[[ SOURCE RECORDS, beginning ]]

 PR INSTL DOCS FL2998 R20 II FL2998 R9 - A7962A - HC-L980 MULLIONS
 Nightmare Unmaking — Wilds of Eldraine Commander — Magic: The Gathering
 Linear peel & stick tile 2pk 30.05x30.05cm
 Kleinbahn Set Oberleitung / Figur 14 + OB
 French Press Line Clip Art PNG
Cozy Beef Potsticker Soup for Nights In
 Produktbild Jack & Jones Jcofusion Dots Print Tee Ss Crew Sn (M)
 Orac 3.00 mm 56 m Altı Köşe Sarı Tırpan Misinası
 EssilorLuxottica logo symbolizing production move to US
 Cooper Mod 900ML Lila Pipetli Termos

[[ SOURCE RECORDS, end ]]
[[ SOURCE RECORDS, beginning ]]

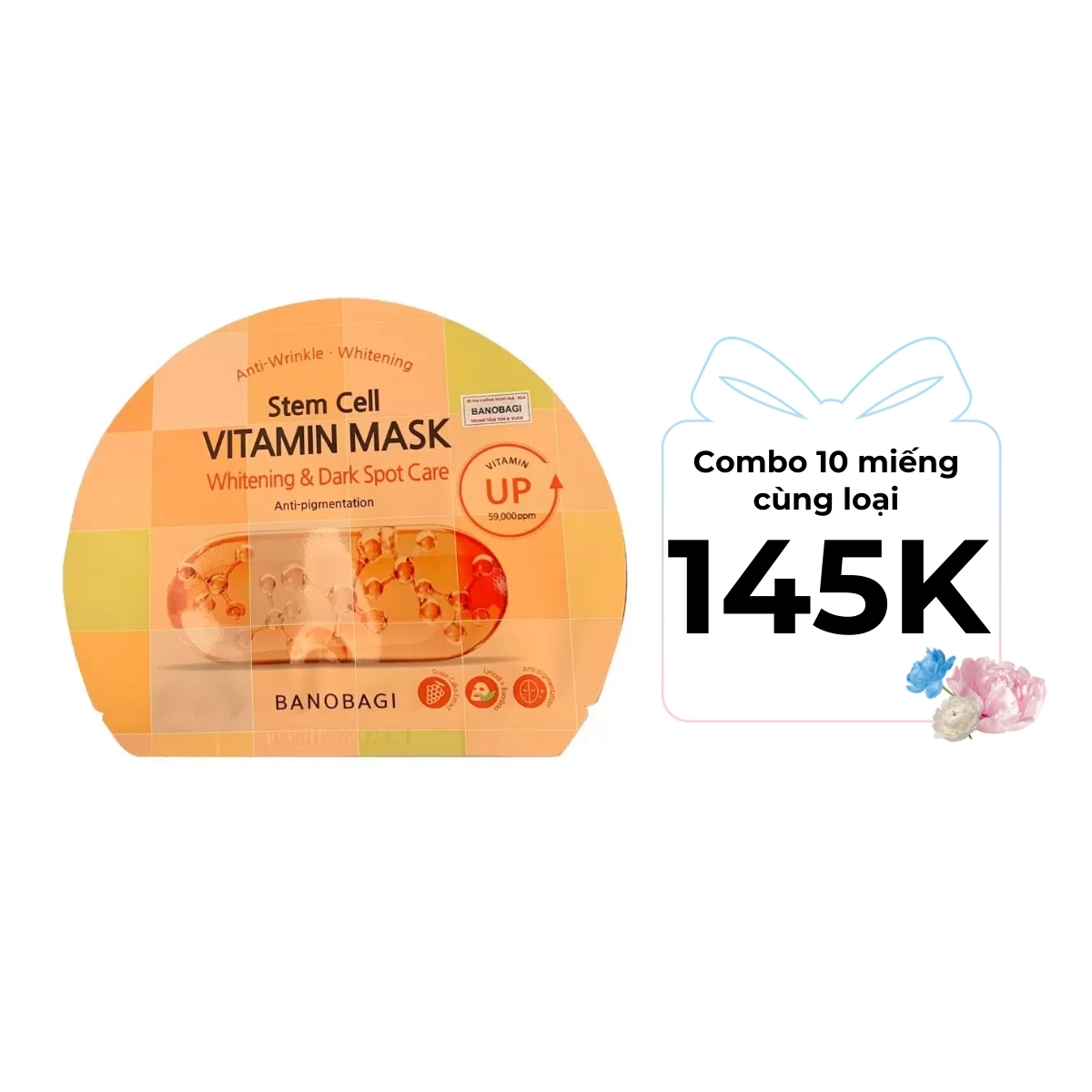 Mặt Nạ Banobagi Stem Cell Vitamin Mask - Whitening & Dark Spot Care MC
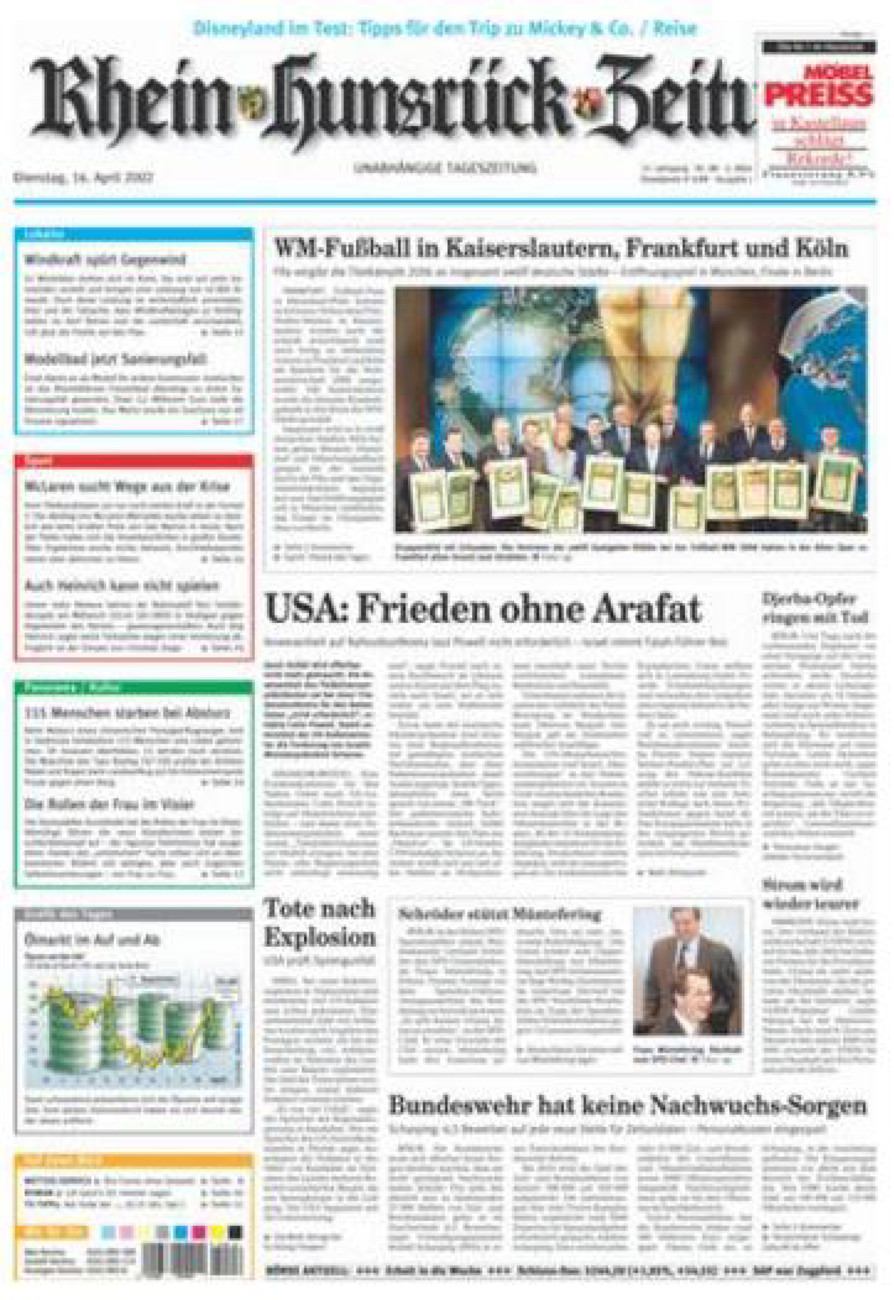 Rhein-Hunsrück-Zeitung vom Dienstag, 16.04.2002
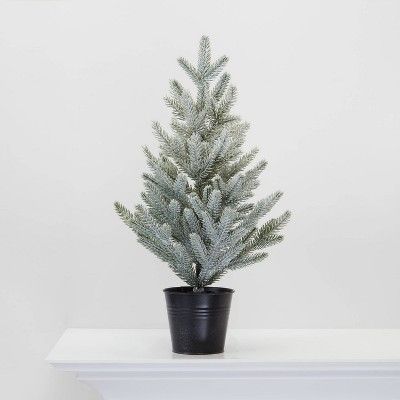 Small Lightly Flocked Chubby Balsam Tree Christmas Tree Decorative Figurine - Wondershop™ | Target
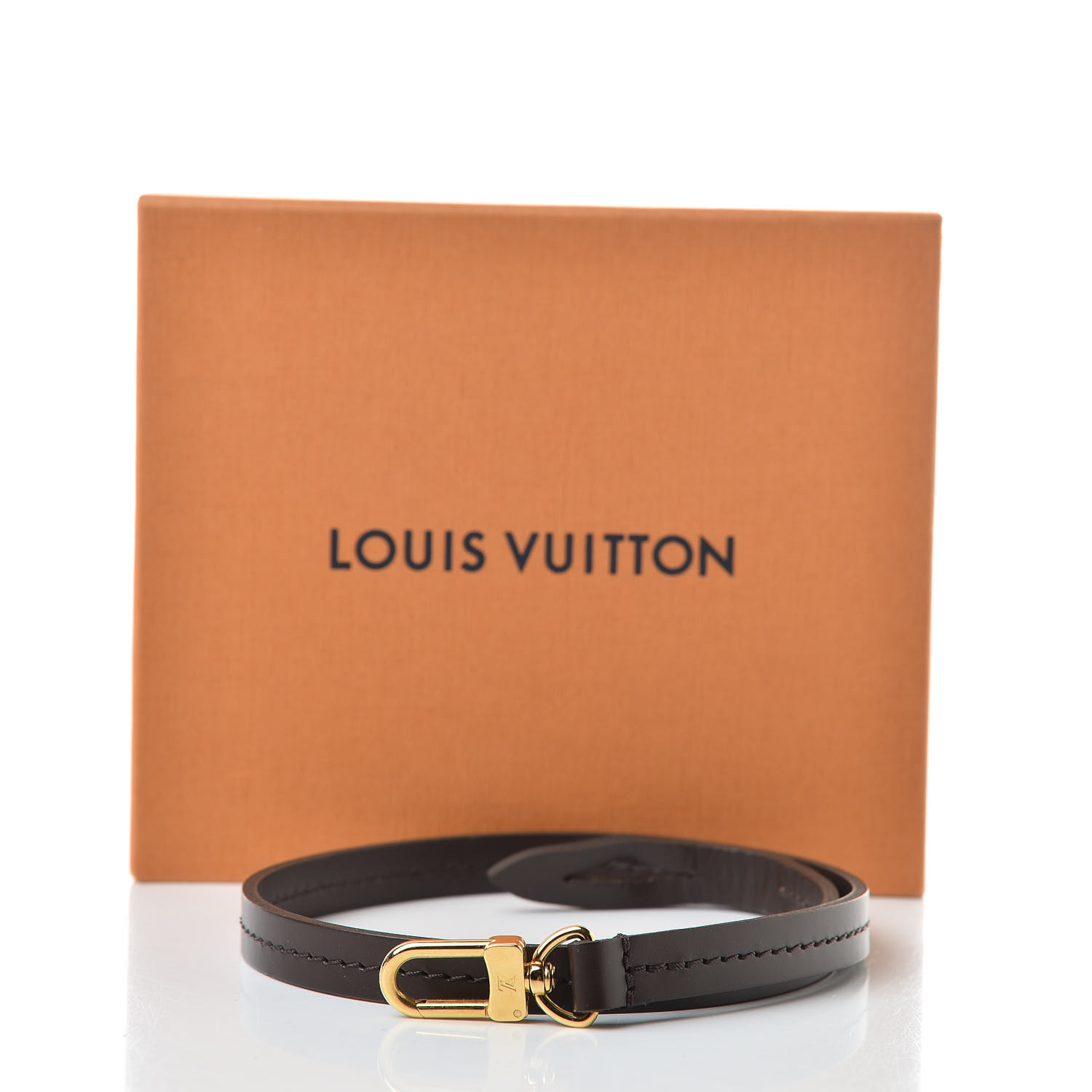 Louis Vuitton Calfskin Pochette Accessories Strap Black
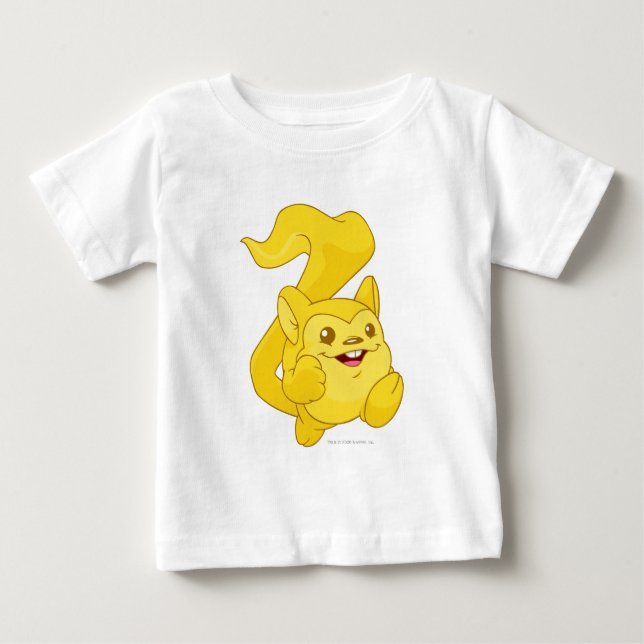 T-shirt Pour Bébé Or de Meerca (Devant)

[[ SOURCE RECORDS, end ]]

### YOUR ASSIGNMENT
Every line above in the stretch from the one with "Rhein-Hunsrück-Zeitung vom Dienstag, 16.04.2002" through the one with "T-shirt Pour Bébé Or de Meerca (Devant)" is to be transcribed exactly, ends included. No picture is copied.

### SOLUTION TO THIS EXERCISE
 Rhein-Hunsrück-Zeitung vom Dienstag, 16.04.2002
 Small Lightly Flocked Chubby Balsam Tree Christmas Tree Decorative Figurine - Wondershop™ | Target
 Louis Vuitton Calfskin Pochette Accessories Strap Black
 T-shirt Pour Bébé Or de Meerca (Devant)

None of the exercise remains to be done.